Le réquisitoire et le plaidoyer

Les témoignages terminés l’Avocat Général prononce son réquisitoire dans lequel il rappelle que ce procès n’est pas celui du militantisme mais de Pierre-Alain Mannoni, il renvoie donc aux articles 622-1 et 622-2 du code de l’entrée et du séjour des étrangers interdisant l’aide à la circulation d’étrangers en situation irrégulière. Il insiste sur le fait que l’infraction commise par Pierre-Alain Mannoni est établie et indiscutable et qu’il a sciemment transgressé la loi en tentant de dissimuler les personnes qu’il aidait de la police. Il conteste la prétendu naïveté de Mannoni, disant que c’est un homme qui a un certain niveau d’éducation, un universitaire cultivé qui devrait connaître la loi et qui ne peut pas prétendre être inconscient de l’illégalité de son geste, aussi altruiste soit-il.

Le plaidoyer de la défense de l’avocate Maeva Binimélis souligne le caractère désintéressé et purement humanitaire du geste de Mannoni, se raccrochant ainsi à l’article 622-4 du code de l’entrée et du séjour des étrangers, qui accorde l’immunité humanitaire à toute personne qui aiderait des personnes en situation irrégulière dans un but purement humanitaire et si l’acte n’a mené à aucune contrepartie.
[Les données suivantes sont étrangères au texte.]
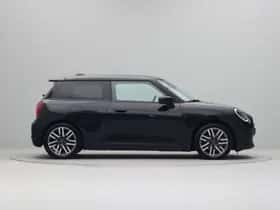 MINI Cooper (2024) thumbnail 6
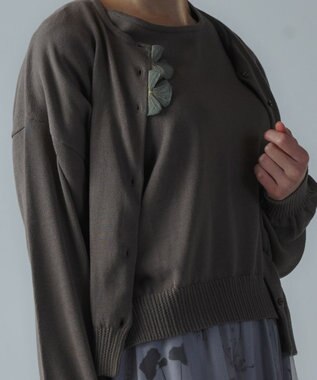 muuc 花モチーフ付きコットンニットカーディガン グレー
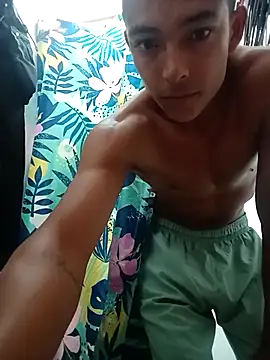 Snapshot of Demiansteven2 chatting on 7, 10, 2025 Demiansteven2 online show from 7, 10, 2025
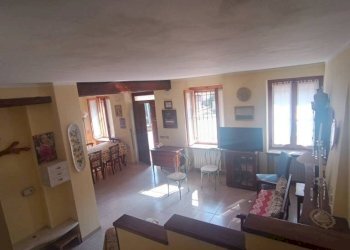 Salone - Rustico via Piave, Montiglio Monferrato - foto 13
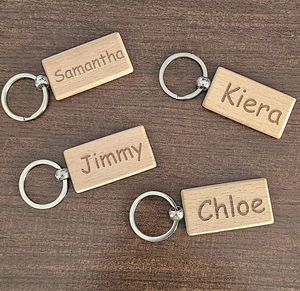 Porte-clés en bois en gros, porte-clés en bois faits à la main pour cadeaux personnalisés en provenance d'Inde - Product Image 1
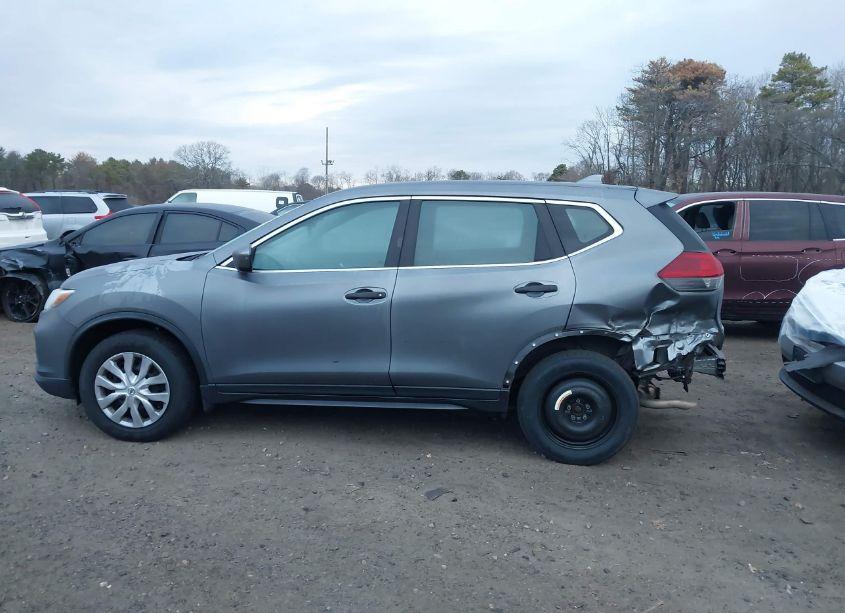 Photo 14 of 2018 Nissan Rogue S (VIN 5N1AT2MVXJC769050)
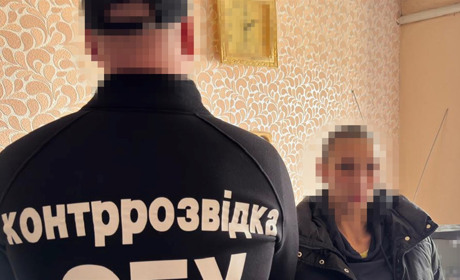 Судитимуть російську агентку, яка шпигувала за військовими аеродромами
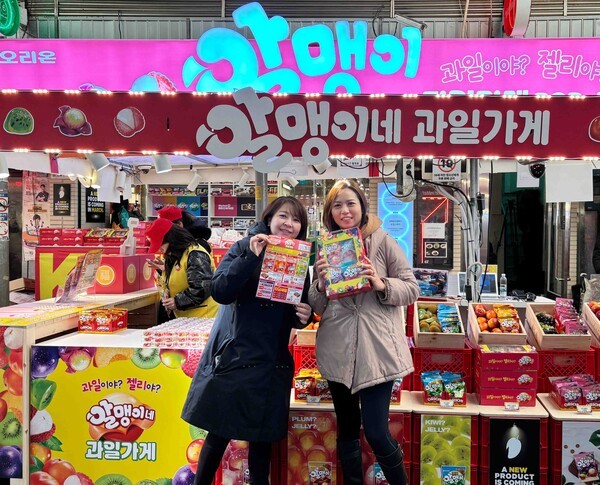 오리온 ‘알맹이 젤리’ 팝업스토어 외국인 관광객. [사진=오리온]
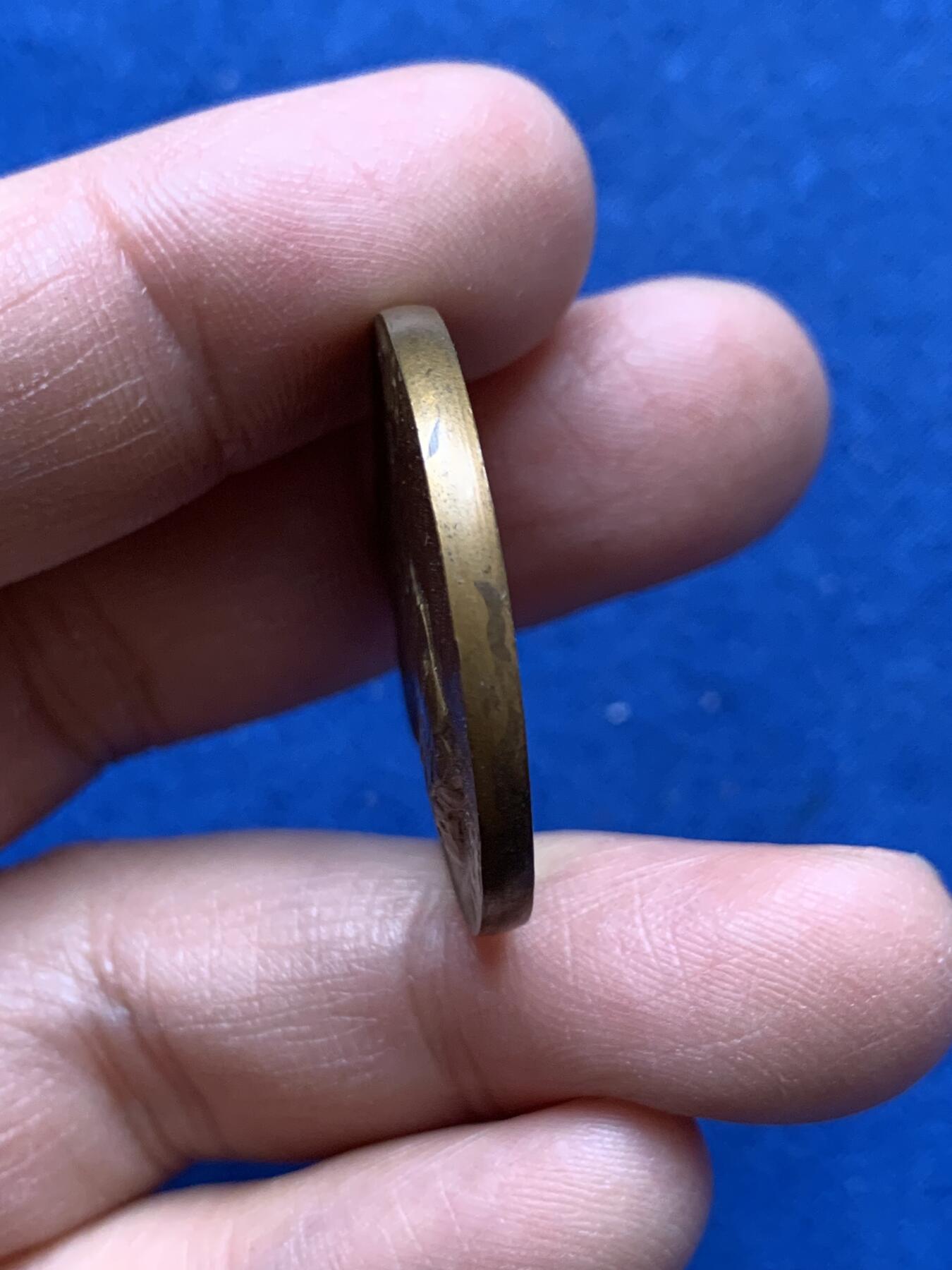 《竞宝斋》第370场 周日，周一 2场连拍 （全场包邮） 瑞士 1911年 伯尔尼 体操节 铜章 正面帅小伙 背面景观非常漂亮 16.1克 30.6mm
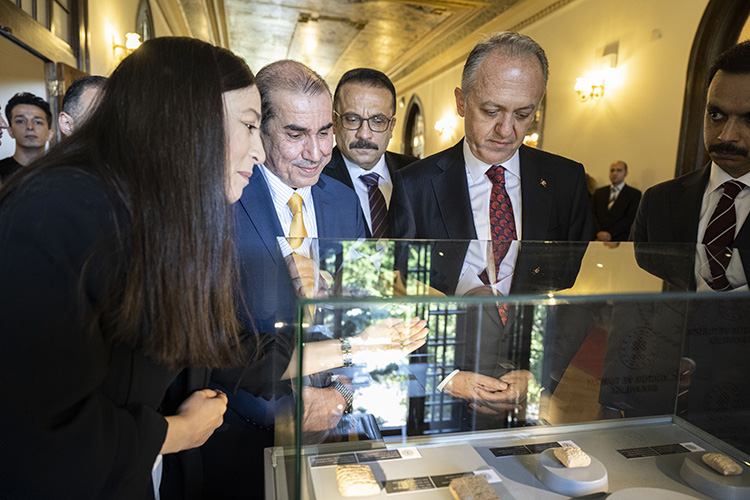 Türkiye Returns 6,000-Year-Old Cuneiform Clay Tablets to Iraq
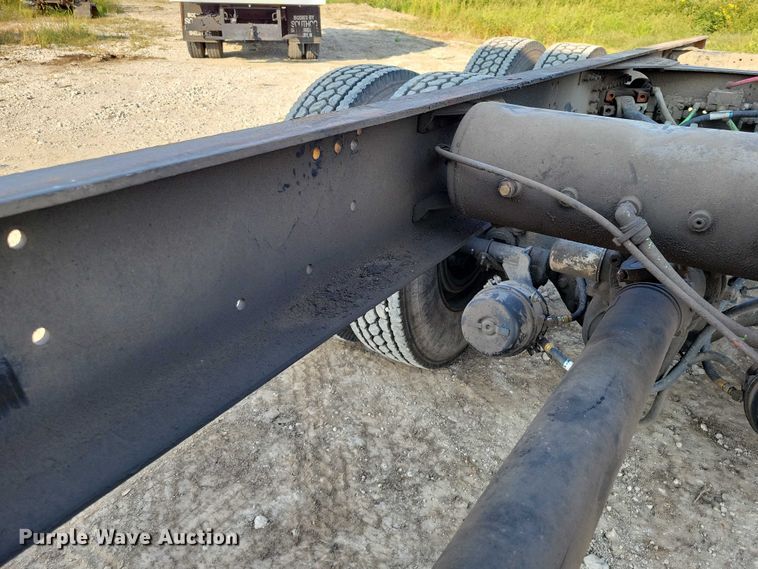 image for item DZ6542 2006 Volvo VHD truck cab and chassis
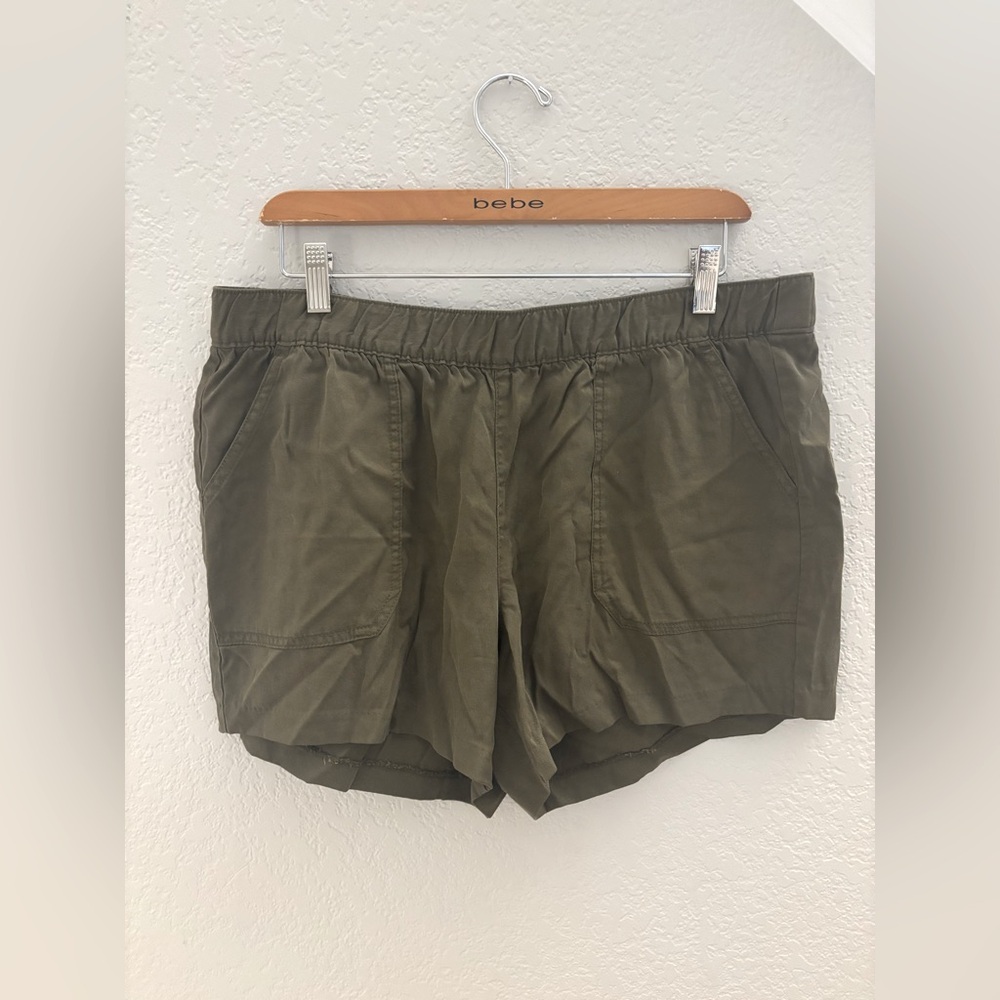 Old Navy olive utility shorts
Elle accuse également l’irrégularité de l’arrestation et de la garde à vue des trois femmes que Mannoni conduisait. Elle répond à l’argument de l’avocat général concernant la tentative de dissimuler les migrants de la police en disant que Mannoni savait qu’il serait contrôlé sur cette route à cette heure et l’a prise néanmoins, ce qui prouve sans l’ombre d’un doute sa sincérité aux yeux de la défense. Ce qui la prouve davantage encore, c’est le fait que Mannoni a dit des choses qui pourraient l’incriminer au sujet du jeune Malik ou du groupe de migrants soudanais mais les a dites sans se poser de questions.

À l’issue de ces 6 heures d’audience, l’issue du procès est bien entendu incertaine. Pierre-Alain Mannoni clôt le procès en clamant encore une fois sa sincérité, il dit que ces 4 années d’aventure judiciaire lui ont permis de réfléchir, qu’il s’est souvent demandé s’il aurait dû dire quelque chose de différent mais qu’il a fini par admettre qu’une « seule chose reste immuable : (son) geste ». À 19h30, le son du marteau du juge sonne la fin de l’audience, la cour rendra son verdict le mercredi 28 octobre prochain.